“Ele viu, o russo. o astronauta, viu isso cá embaixo, hoje de manhã, como nenhum homem viu antes dele. E disse: azul. A Terra é azul. Então o que a gente aprendeu até agora nas aulas de geografia está errado.”

Eduardo e Paulo são dois meninos de 12 anos, que crescem em meio a um Brasil da ditadura.  Um dia, são expulsos da sala de aula e, para fugir da suspensão do diretor, decidem pegar suas bicicletas e nadar em um lago da região. A narrativa é uma memória contada, anos depois, sobre esse dia, que marcou os amigos.

“Mesmo aqui, hoje, mesmo nesta cidade estrangeira onde vivo de tempos em tempos, mesmo hoje, às vezes, o mesmo vento frio que pareceu soprar naquele dia morno, balouçando, levemente, de um lado para o outro, suavemente, o capim alto que havia em volta do lago onde a gente foi se refugiar naquela manhã, longe dos adultos, como  tínhamos feito durante todo o verão.”
O refúgio seguro que eles pensaram que encontrariam no lago acaba sendo o local em que eles começam a viver a maior de suas aventuras e, com ela, amadurecer. Trata-se de uma descoberta do cadáver de uma mulher. E é essa memória que dá o título e a abertura do livro:
“Se eu fechar os olhos agora, ainda posso sentir o sangue dela grudado nos meus dedos.
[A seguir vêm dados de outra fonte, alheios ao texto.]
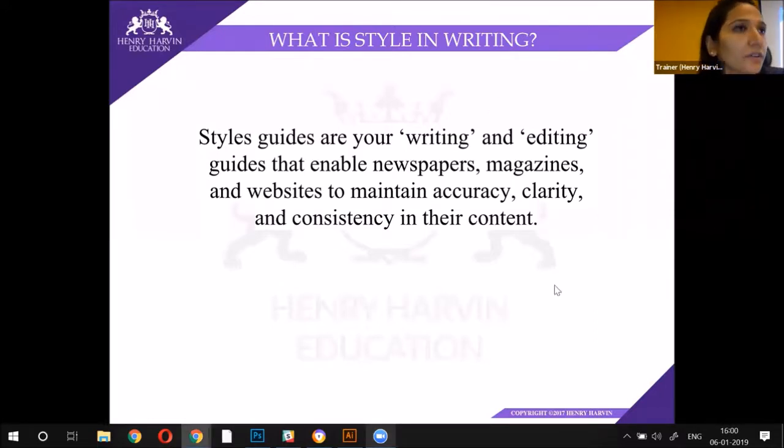When you are working for an organization, you will have to follow the style guides. Even as a freelancer, they will definitely tell you the style guides that are supposed to be followed for the particular company, and you need to follow those guides. Have you all heard of Penguin Publishing?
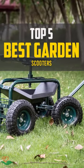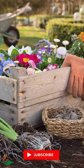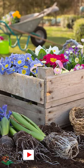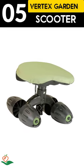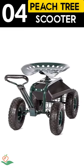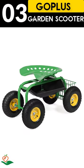Today, we review the top 5 best garden scooters that you can choose the right one for your purpose. After spending 2 weeks of research and consumer survey, we compiled this list. If you want more information and updated pricing on the products mentioned, be sure to check the links in the description below.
E era assim: grudava nos meus dedos como tinha grudado nos cabelos louros dela, na testa alta, nas sobrancelhas arqueadas e nos cílios negros, nas pálpebras, na face, no pescoço, nos braços, na blusa branca rasgada e nos botões que não tinham sido arrancados, no sutiã cortado ao meio, no seio direito, na ponta do bico do seio direito”.
E isso aconteceu em uma terça-feira. Não qualquer terça, mas sim a Terça-feira, 12 de abril de 1961, dia em que o primeiro homem chegou ao espaço.  Edney Silvestre consegue misturar à narrativa esses dois fatos: se por um lado temos uma cena brutal de uma mulher assassinada, de outro, temos a beleza e os sonhos que o homem no espaço desperta na imaginação de Paulo e Eduardo.  “Poderia olhar no calendário e ter certeza. Não quero. Prefiro a certeza da minha lembrança, que me diz ter sido uma terça. No rádio, cedo, um locutor anunciaria? um homem tinha ido ao espaço. O primeiro homem no espaço. um russo. Chanava-se Iuri Gagárin. Ele disse que a Terra era azul e eu pensei, nós dois pensamos, ele e eu, a gente conversou na estrada sobre isso, pedalando sem pressa nossas bicicletas…”
O autor mantém esse mesmo estilo durante a narrativa inteira, confrontando as ideias e experiências sensíveis e belas de dois garotos com outros fatos pesados, como problemas familiares e o assassinato, propriamente dito, como no trecho:
“Paulo ficou sozinho na sala. A dor foi aumentando, tomando conta de suas pernas, seus braços, seu peito, até chegar aos olhos e ia se transformar em lágrimas quando ele mordeu o lábio inferior, com força, cada vez com mais força, tentando transferir uma dor para outra. Mas as lágrimas correram assim mesmo, finas, pelos cantos dos olhos, descendo pelo rosto que já começava a inchar. Paulo correu para o banheiro, fechou a porta sem trinco torcendo para que nem o pai nem o irmão entrassem naquele momento, pegou a toalha de rosto e enfiou na boca. Assim, abafadamente, secretamente, chorou e gemeu enquanto o som de algum rádio, em alguma casa vizinha, trombeteava mais uma vez o primeiro voo que um ser humano tinha feito no espaço”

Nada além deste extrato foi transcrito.